§ Task objective: Please return only the lines from the one showing "Living room with" to the end of the entries, keeping both ends and dropping every picture.

......

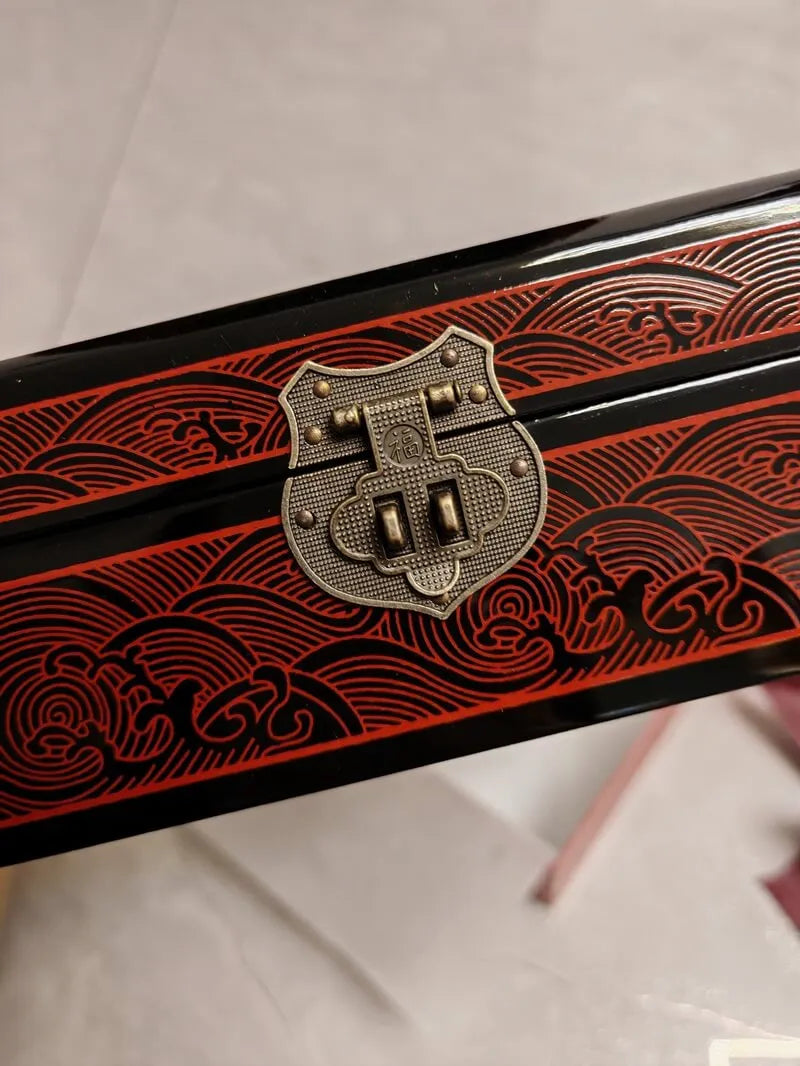 Decorative object with red patterns and a metallic emblem on a white background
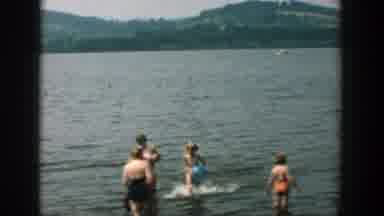 Wisconsin (1957): Five People Splashing In Lake Water On A Clear Sunny Day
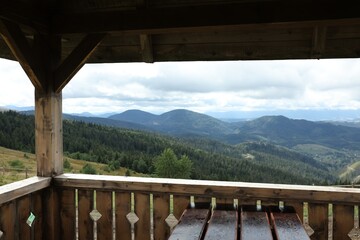 Picturesque view of mountain landscape from wooden gazebo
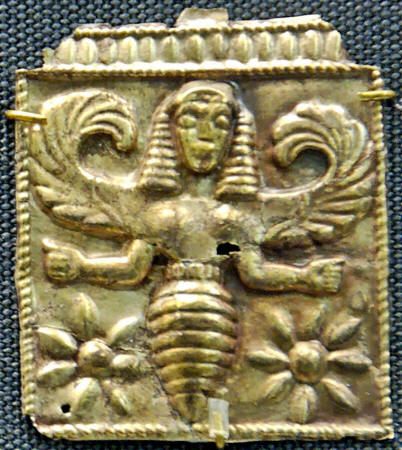 an ancient gold plaque with two faces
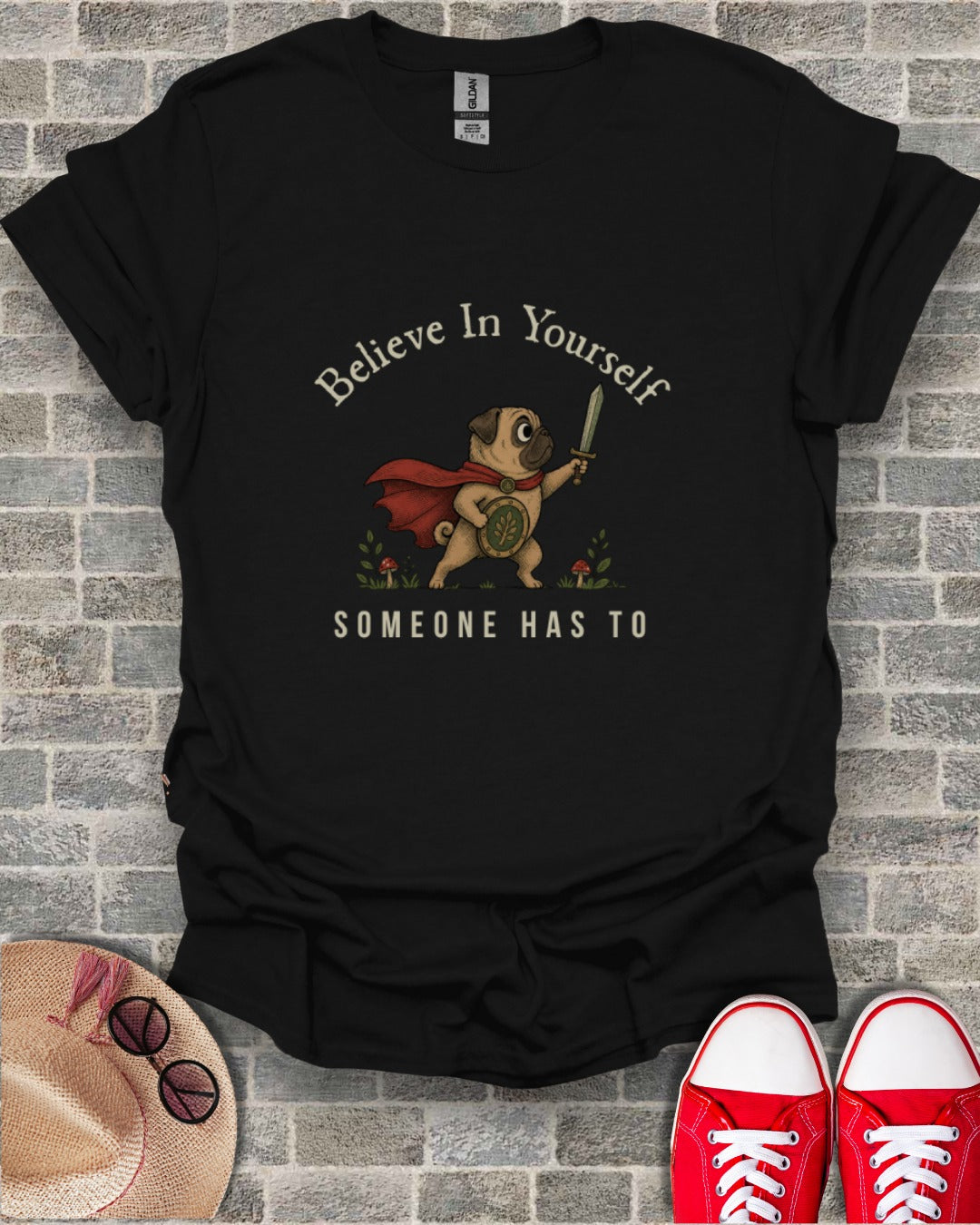 Pug in cape and armor with sword and shield, "Believe In Yourself SOMEONE HAS TO" text.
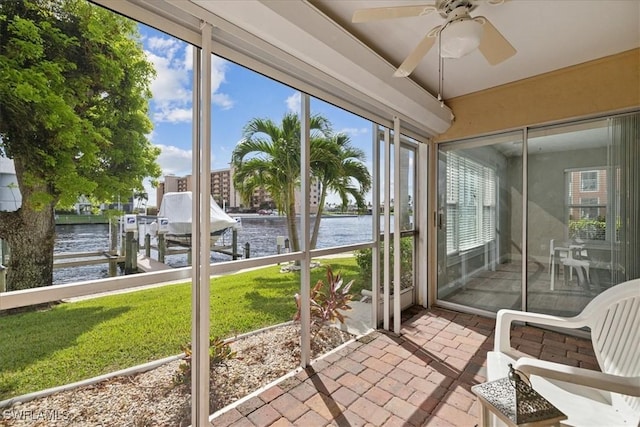 4231 SE 19th Pl Unit 1J, Cape Coral, FL 33904 - sunroom with a water view and a ceiling fan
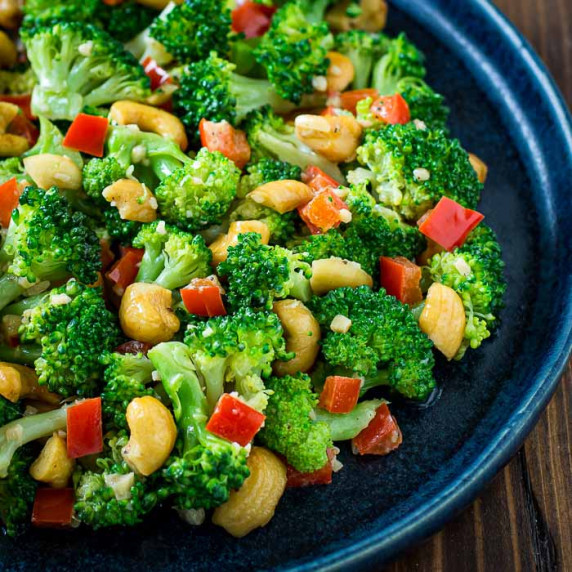 Side close up view of garlic butter broccoli in a blue bowl on a wooden surface.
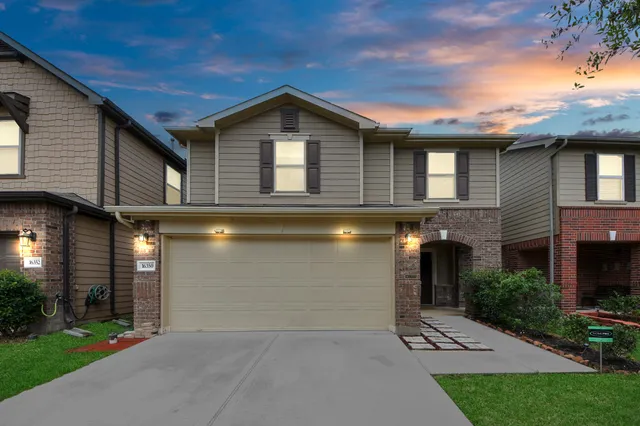 a front view of a house with a yard and garage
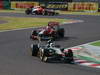GP GIAPPONE, 09.10.2011- Gara, Jarno Trulli (ITA), Team Lotus, TL11 davanti a Jerome D'Ambrosio (BEL), Marussia Virgin Racing VR-02 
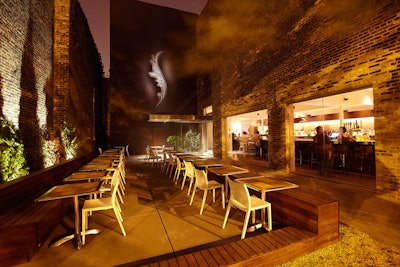 Off the main dining room, a garden patio seats 34 and can be booked for alfresco events.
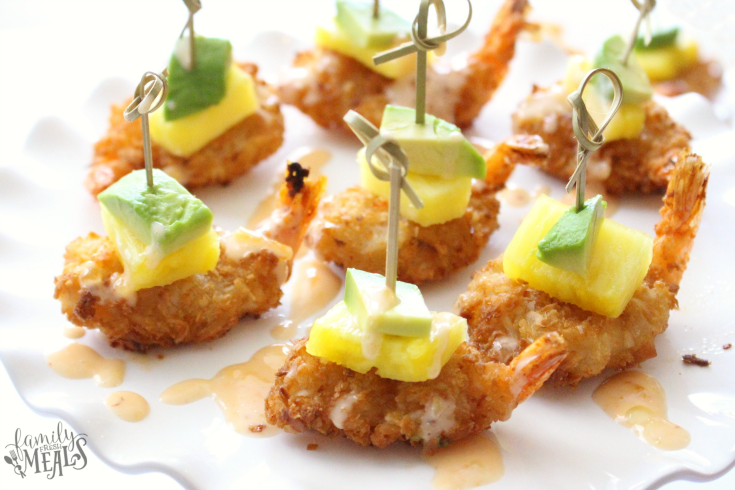 Tropical coconut shrimp bites on a platter with food picks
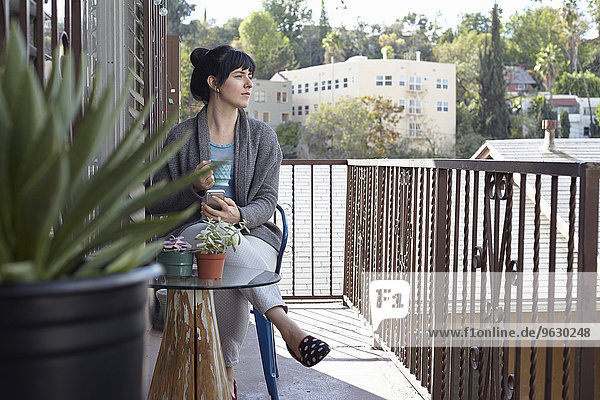 Frau mit Smartphone auf dem Balkon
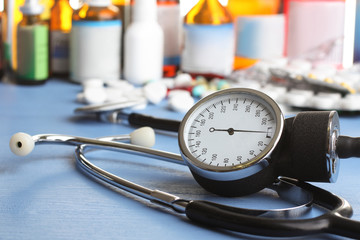 stethoscope with pills and bottle with the cure for the common cold on a blue table on a white background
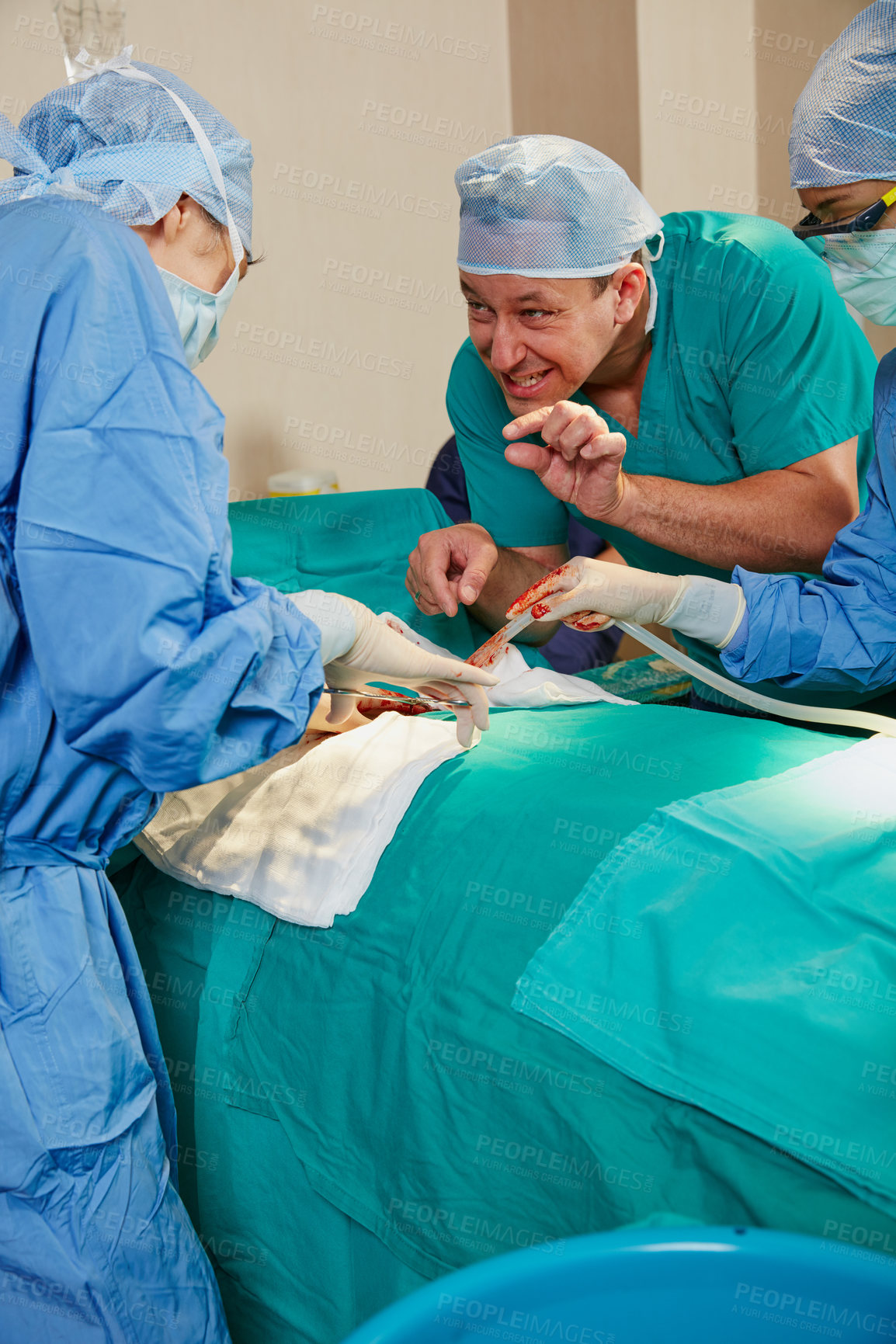 Buy stock photo Shot of a surgeon giving his colleague advice during a surgical procedure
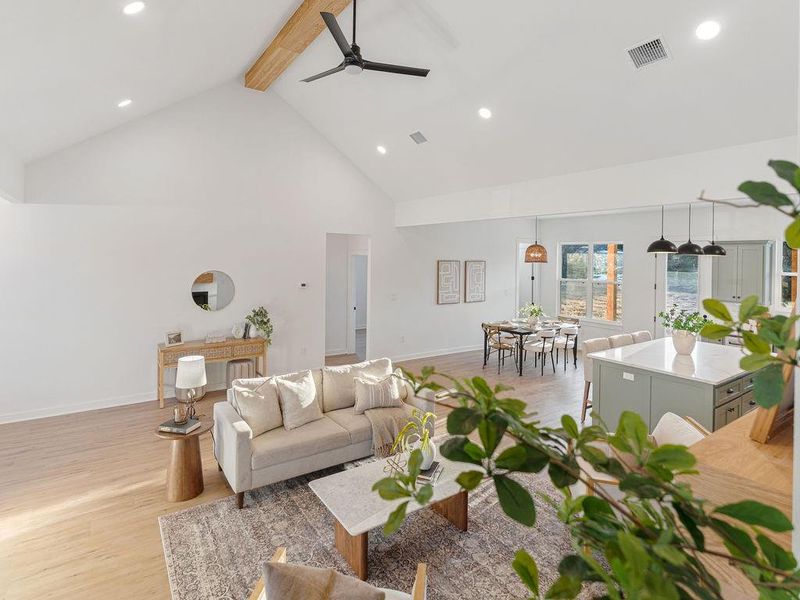 Living room with wood finished floors, a ceiling fan, and recessed lighting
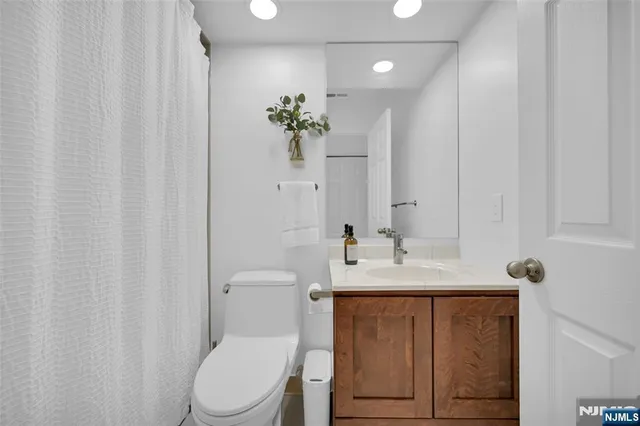 a bathroom with a toilet a sink and a mirror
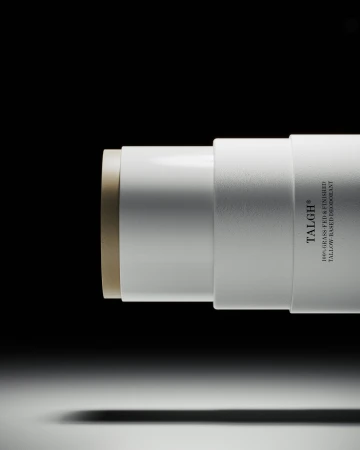 Tallow-based deodorant stick by TALGH in a white container on a gradient white to black background. Beauty and personal care product.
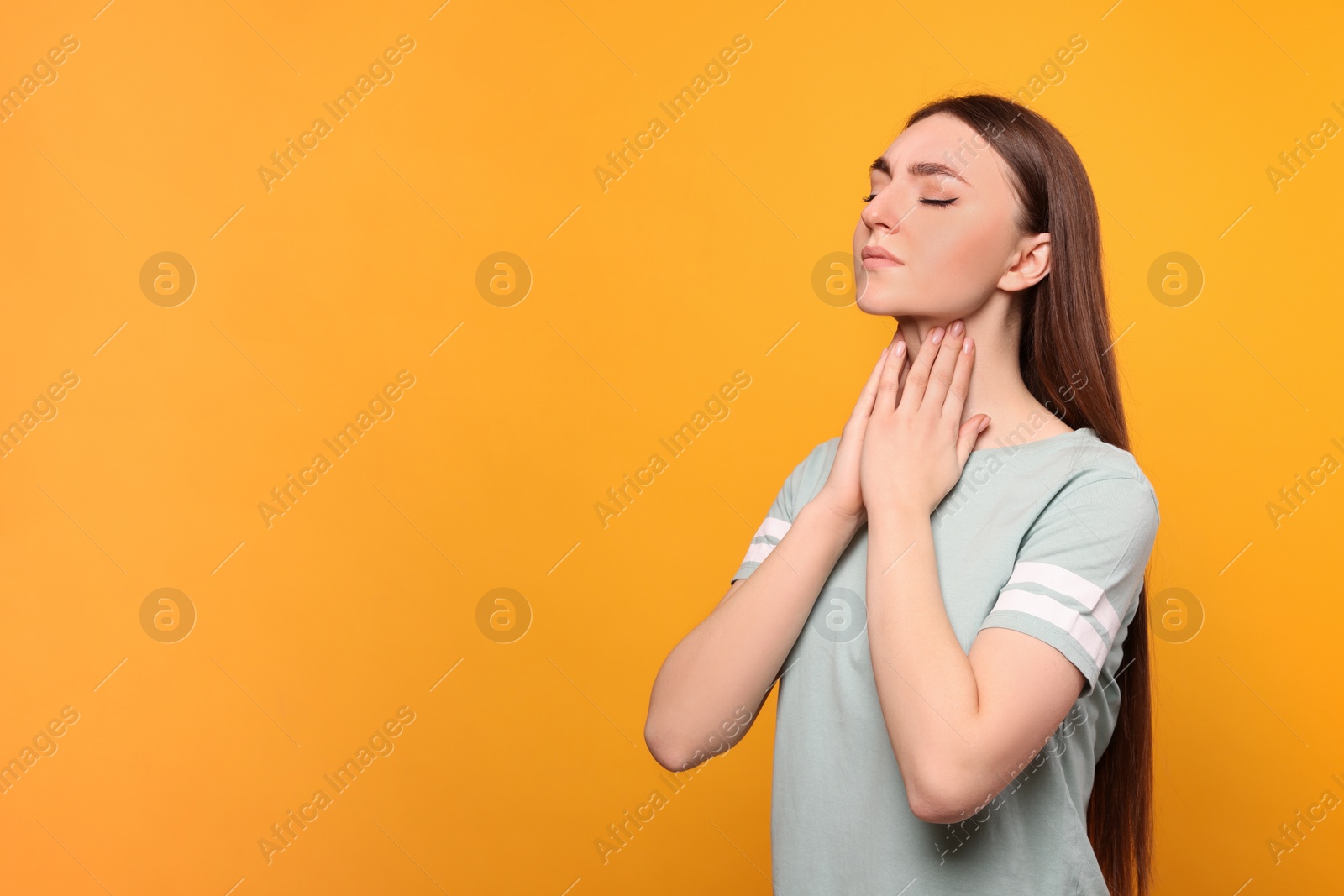 Photo of Young woman with sore throat on orange background. Space for text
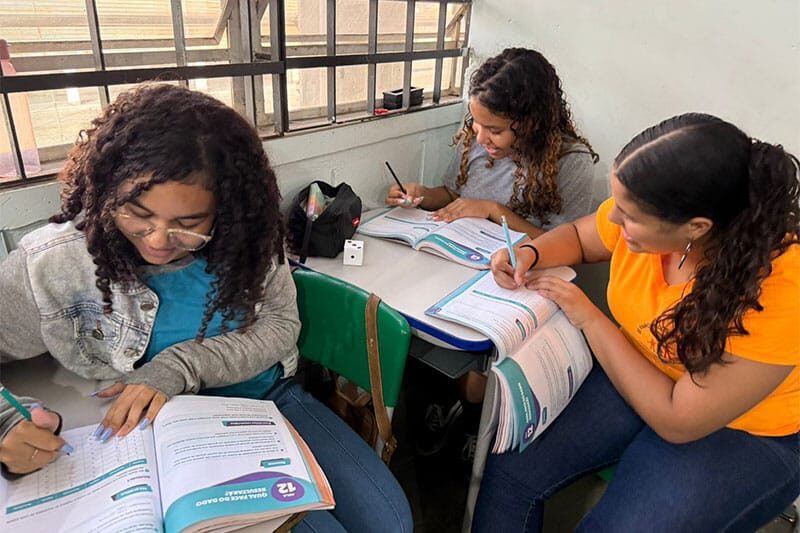 Three students sitting at classroom desks working on exercises in their textbooks, focused and writing attentively.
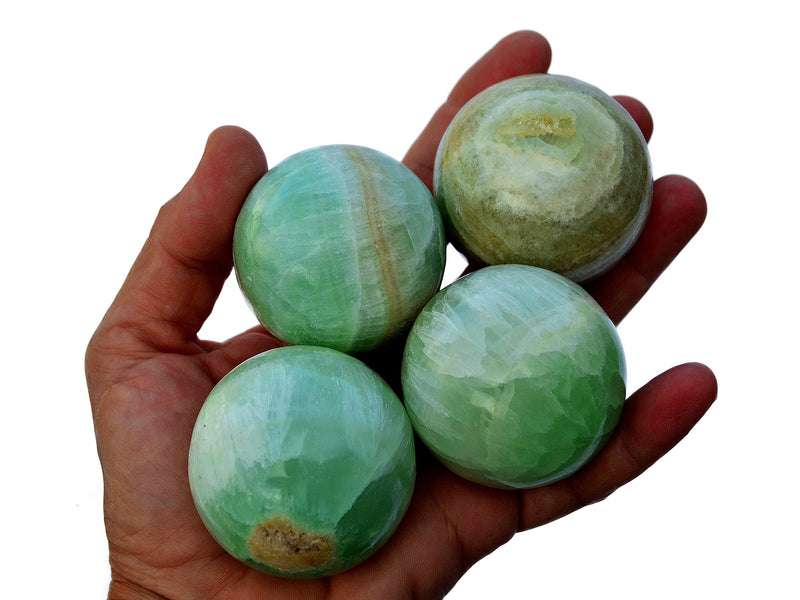 Four pistachio calcite spheres 40mm - 50mm on hand with white background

......

§ Written reply:
 Living room with wood finished floors, a ceiling fan, and recessed lighting
 a bathroom with a toilet a sink and a mirror
 Tallow-based deodorant stick by TALGH in a white container on a gradient white to black background. Beauty and personal care product.
 Photo of Young woman with sore throat on orange background. Space for text
 Three students sitting at classroom desks working on exercises in their textbooks, focused and writing attentively.
 Four pistachio calcite spheres 40mm - 50mm on hand with white background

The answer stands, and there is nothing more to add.